I suggest, as a corollary to Orwell's prescient observation that (I'm paraphrasing) some things are so stupid that only an intellectual could believe them.
Should you seek stupidity in depth and a full lock on all mental development, enrol in a prestige high-fee North American liberal university. Further, I hold that whatever debates may be underway about the targets of Orwell's dystopian Nineteen Eighty Four, the modern university is the only institution that has taken that noble work for use as a manual.
For where else are words turned quite upside down, flipped over to stand on their bruised heads and told to dance to the rigorous tunes of fanatics? For it is only on a university campus that simple, basic words are made by violence to take on their exact and opposite meanings: up is down, right is wrong, day is night, and anti-fascism is fascism.
A couple of nights ago the Twitter-banished, Trump supporter, Internet gadfly and author Milo Yiannopoulos was scheduled to give a talk at the (hilariously regarded) home of the Free Speech movement of the 1960s, Berkeley campus in Oceania, sorry, in California.
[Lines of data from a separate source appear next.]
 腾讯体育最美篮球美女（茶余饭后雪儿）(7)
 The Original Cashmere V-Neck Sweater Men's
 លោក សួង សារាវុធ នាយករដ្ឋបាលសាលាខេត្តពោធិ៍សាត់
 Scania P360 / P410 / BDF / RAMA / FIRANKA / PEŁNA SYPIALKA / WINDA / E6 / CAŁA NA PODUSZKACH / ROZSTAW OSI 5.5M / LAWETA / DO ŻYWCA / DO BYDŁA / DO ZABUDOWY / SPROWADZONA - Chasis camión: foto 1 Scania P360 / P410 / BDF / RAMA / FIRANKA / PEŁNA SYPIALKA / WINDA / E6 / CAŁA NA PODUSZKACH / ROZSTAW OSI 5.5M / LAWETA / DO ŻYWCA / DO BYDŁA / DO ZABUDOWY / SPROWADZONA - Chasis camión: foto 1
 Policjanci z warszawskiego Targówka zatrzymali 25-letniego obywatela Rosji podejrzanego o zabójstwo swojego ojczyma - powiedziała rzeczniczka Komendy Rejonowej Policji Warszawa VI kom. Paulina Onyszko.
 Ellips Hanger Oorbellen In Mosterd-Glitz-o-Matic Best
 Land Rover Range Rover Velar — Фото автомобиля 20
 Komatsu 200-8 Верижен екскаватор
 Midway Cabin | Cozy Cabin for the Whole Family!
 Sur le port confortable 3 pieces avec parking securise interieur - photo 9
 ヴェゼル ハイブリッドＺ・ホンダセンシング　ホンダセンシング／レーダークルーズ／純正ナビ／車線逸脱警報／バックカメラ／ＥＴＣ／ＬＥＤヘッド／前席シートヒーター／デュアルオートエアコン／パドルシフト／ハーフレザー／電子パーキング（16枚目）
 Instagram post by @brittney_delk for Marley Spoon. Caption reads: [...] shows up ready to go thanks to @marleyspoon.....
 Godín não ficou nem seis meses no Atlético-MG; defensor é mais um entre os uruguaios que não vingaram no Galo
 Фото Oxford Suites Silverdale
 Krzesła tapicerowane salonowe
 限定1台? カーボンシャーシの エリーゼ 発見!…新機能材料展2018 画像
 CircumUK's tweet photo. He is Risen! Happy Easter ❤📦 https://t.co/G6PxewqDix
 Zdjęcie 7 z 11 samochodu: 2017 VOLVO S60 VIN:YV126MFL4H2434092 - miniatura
If I were to characterize Yiannopoulos I'd put him down as a right-wing, more sophisticated version of Jon Stewart. He is certainly more clever. There is a relaxed quality to his goading of the politically correct hordes that Stewart's more determined sneering never really achieved.
Milo doesn't have a TV show (yet) but he gives talks and is on a campus tour. Naturally when he showed up at Berkeley a riot broke out. A little flavour of the evening may be gleaned from any number of sources: "Protesters armed with bricks and fireworks mounted an assault on the building hosting a speech by ... Milo Yiannopoulos." Another: "Several injuries have been reported and at least four banks have been vandalized after demonstrators marched away from the scene of a violent protest at the cancelled speaking event by ... speaker Yiannopoulos."
And just one more: "As the gathered crowd got more agitated, masked "black bloc" activists began hurling projectiles including bricks, lit fireworks and rocks at the building and police. Some used police barriers as battering rams to attack the doors of the venue, breaching at least one of the doors and entering the venue on the first floor."
Now what do we call it when people in black uniforms and face masks storm a speaking venue, assault attendees, light fires and throw bricks at police with the express purpose of shutting down a speech? Would "fascist" work for you? In this context, and remembering it is a university campus where this outrage was perpetrated, I think fascist will serve quite nicely. And then we may advance to giving the name of the group that sponsored this giddy fit of intolerance and mayhem. They call themselves "AntiFa" which is the cute way campus blackshirts like to spell anti-fascist these days.
For it is only on a university campus that simple, basic words are made by violence to take on their exact and opposite meanings: up is down, right is wrong, day is night, and anti-fascism is fascism.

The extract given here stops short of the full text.